Jüngstes Beispiel: Ulf Bischoff (Foto) von der AfD sah sich im Hauptausschuss einem Wust von Tischvorlagen, Anträgen und „Antworten auf Schriftliche Kleine Anfragen“ gegenüber. Da kann man schon  mal den Überblick verlieren, wenn einen plötzlich seine Majestät Manfred Schulz, Vorsitzender der Bezirksversammlung, fragt, ob die Anfrage XY denn nun erledigt sei.

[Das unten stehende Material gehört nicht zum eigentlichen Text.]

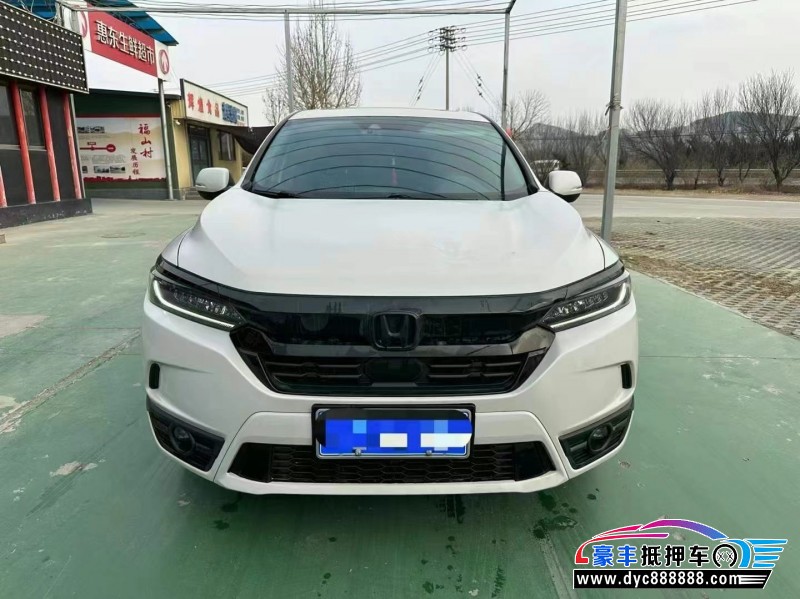 22年本田皓影轿车抵押车出售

Bischoff war mit dieser Frage schlicht überfordert. Er hatte die Antwort auf die Anfrage noch nicht einmal gelesen. Er rettete sich in ein „eigentlich nicht“. Aber das reichte Schulz nicht. Er hakte und ließ auch durchblicken, dass er keine Lust hatte, die Antworten auf die Fragen nach den Hochspannungsleitungen im Hafen noch einmal durchzukauen. Das hatten die Alten schließlich schon in der letzten Legislatur erledigt. Bischoff gab schließlich klein bei.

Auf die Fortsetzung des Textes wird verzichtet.